Exercise details
Starting at the first line of the listing below and ending at the line with "Girls Teela X-Stitch", copy each line exactly.

Exercise data

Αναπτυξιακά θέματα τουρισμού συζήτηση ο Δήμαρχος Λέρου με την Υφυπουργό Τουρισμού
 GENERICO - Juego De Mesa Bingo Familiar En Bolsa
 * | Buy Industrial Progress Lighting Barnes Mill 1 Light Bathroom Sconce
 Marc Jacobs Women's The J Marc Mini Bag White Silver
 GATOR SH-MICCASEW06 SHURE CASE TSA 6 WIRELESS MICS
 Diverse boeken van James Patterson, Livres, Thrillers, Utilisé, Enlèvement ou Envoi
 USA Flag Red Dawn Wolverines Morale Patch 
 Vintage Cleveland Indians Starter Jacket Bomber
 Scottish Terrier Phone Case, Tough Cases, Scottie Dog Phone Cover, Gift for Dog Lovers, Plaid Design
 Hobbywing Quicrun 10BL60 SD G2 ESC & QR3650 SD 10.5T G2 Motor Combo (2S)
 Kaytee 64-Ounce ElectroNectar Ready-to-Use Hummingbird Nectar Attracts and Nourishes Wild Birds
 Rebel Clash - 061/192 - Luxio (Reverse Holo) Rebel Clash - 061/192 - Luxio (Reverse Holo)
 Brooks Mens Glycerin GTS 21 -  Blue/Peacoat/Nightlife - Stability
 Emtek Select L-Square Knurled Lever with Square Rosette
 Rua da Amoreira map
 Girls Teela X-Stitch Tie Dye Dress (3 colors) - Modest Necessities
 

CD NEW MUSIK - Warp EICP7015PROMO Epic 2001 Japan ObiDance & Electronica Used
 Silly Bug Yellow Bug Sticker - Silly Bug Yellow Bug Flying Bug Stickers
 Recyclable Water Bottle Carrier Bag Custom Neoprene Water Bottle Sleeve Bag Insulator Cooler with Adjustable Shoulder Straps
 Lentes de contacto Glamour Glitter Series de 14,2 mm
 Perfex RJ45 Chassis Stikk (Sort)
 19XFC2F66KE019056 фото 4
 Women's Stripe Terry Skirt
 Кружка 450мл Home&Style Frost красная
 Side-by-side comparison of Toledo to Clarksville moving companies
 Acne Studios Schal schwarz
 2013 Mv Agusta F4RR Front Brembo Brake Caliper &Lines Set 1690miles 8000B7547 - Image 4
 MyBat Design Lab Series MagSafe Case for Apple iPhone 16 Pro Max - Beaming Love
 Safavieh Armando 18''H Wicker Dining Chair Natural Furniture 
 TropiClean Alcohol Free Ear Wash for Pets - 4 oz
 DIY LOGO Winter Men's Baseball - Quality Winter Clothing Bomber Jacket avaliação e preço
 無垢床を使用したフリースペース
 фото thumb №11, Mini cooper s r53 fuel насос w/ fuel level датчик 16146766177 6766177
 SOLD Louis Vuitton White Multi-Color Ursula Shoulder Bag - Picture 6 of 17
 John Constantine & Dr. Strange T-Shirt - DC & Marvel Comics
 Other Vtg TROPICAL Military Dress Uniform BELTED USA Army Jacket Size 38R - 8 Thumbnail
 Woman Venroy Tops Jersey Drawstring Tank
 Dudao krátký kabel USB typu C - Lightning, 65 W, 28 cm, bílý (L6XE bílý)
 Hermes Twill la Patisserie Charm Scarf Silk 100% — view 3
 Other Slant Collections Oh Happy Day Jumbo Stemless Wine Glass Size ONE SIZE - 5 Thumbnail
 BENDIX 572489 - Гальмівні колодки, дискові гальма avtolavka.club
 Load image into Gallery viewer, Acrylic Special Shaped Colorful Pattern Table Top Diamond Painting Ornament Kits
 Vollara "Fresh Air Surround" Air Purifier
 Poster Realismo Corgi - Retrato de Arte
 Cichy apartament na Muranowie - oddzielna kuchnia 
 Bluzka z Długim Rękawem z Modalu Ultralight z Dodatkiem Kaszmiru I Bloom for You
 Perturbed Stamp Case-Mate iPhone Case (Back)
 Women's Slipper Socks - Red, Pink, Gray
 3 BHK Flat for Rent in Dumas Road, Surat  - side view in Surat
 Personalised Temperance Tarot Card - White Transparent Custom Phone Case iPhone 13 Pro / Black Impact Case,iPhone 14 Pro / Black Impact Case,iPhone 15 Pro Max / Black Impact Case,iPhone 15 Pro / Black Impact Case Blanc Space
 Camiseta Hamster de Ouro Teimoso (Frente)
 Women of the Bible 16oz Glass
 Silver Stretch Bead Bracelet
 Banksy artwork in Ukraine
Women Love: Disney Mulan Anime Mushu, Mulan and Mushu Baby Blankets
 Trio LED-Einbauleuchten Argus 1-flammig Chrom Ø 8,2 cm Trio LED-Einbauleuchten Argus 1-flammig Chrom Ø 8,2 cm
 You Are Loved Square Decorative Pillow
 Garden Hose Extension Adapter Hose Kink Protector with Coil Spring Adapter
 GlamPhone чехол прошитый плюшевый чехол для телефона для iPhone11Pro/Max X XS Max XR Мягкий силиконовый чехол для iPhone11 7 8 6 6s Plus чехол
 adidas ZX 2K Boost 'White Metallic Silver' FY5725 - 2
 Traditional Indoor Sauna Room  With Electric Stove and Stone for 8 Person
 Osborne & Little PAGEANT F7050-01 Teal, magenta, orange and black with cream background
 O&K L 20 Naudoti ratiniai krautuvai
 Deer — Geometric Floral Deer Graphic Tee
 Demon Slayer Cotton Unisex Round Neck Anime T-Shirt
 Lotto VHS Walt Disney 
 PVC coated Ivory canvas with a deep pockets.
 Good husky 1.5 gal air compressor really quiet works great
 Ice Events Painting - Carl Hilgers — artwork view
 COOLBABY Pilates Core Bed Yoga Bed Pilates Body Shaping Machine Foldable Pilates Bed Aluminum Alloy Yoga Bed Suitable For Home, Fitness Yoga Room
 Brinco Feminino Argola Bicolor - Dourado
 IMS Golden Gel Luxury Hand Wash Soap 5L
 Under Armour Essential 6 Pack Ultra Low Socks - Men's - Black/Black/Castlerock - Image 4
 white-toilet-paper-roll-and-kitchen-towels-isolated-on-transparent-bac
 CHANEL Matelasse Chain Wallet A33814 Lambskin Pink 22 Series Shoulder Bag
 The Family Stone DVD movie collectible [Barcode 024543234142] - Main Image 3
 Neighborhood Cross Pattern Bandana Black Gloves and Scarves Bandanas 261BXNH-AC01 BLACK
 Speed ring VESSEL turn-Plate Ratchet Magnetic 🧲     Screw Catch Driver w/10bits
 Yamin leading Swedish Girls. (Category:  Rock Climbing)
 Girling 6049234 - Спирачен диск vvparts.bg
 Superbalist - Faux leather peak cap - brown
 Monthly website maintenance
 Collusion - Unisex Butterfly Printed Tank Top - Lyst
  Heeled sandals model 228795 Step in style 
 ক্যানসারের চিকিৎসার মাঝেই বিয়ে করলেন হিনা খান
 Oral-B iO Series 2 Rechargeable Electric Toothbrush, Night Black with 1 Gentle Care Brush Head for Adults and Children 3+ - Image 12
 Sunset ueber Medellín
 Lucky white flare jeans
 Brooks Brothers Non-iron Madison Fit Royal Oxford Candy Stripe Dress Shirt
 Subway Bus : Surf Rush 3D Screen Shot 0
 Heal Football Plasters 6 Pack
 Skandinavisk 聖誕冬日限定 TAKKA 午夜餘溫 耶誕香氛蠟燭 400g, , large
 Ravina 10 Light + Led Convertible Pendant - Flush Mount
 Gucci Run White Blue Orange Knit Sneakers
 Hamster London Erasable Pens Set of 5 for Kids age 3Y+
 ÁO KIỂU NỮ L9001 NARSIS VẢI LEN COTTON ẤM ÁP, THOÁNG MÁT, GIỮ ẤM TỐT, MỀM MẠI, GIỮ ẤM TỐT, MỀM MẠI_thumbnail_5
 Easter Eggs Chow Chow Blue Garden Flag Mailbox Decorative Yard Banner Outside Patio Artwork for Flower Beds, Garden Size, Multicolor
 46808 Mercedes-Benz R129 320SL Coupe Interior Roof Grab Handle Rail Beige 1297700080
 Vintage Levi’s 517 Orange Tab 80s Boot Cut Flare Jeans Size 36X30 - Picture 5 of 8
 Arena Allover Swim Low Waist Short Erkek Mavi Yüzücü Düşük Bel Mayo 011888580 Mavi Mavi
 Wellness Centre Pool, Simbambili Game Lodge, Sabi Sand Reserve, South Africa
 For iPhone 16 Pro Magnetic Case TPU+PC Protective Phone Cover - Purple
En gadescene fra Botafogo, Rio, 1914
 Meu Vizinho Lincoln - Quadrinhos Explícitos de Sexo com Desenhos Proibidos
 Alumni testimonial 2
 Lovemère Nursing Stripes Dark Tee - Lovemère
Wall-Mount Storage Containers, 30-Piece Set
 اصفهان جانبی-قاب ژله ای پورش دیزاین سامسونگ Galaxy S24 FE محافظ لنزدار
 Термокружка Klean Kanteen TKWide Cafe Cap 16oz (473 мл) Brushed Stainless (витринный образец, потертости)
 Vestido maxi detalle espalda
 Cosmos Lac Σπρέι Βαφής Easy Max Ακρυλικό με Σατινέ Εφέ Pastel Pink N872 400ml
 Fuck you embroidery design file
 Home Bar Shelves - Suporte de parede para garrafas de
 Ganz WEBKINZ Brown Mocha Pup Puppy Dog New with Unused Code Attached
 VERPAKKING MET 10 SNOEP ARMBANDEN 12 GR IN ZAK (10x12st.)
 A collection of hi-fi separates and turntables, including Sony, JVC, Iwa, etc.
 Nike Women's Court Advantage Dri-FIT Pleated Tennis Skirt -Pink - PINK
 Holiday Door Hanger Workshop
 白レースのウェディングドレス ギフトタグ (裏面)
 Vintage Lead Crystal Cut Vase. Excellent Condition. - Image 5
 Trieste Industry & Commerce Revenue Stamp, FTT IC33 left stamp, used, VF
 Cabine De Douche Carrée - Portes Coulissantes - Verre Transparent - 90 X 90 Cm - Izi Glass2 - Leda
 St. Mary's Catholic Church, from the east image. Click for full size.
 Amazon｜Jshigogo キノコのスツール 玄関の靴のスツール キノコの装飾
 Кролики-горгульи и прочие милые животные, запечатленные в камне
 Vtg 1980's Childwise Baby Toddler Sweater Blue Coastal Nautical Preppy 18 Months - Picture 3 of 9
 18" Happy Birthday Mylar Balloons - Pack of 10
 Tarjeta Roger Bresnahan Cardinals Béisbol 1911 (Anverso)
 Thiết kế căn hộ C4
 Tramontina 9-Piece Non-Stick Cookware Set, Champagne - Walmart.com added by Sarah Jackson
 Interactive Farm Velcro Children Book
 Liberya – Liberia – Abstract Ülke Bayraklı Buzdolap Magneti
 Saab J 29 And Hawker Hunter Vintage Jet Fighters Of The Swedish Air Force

Exercise response
Αναπτυξιακά θέματα τουρισμού συζήτηση ο Δήμαρχος Λέρου με την Υφυπουργό Τουρισμού
 GENERICO - Juego De Mesa Bingo Familiar En Bolsa
 * | Buy Industrial Progress Lighting Barnes Mill 1 Light Bathroom Sconce
 Marc Jacobs Women's The J Marc Mini Bag White Silver
 GATOR SH-MICCASEW06 SHURE CASE TSA 6 WIRELESS MICS
 Diverse boeken van James Patterson, Livres, Thrillers, Utilisé, Enlèvement ou Envoi
 USA Flag Red Dawn Wolverines Morale Patch 
 Vintage Cleveland Indians Starter Jacket Bomber
 Scottish Terrier Phone Case, Tough Cases, Scottie Dog Phone Cover, Gift for Dog Lovers, Plaid Design
 Hobbywing Quicrun 10BL60 SD G2 ESC & QR3650 SD 10.5T G2 Motor Combo (2S)
 Kaytee 64-Ounce ElectroNectar Ready-to-Use Hummingbird Nectar Attracts and Nourishes Wild Birds
 Rebel Clash - 061/192 - Luxio (Reverse Holo) Rebel Clash - 061/192 - Luxio (Reverse Holo)
 Brooks Mens Glycerin GTS 21 -  Blue/Peacoat/Nightlife - Stability
 Emtek Select L-Square Knurled Lever with Square Rosette
 Rua da Amoreira map
 Girls Teela X-Stitch Tie Dye Dress (3 colors) - Modest Necessities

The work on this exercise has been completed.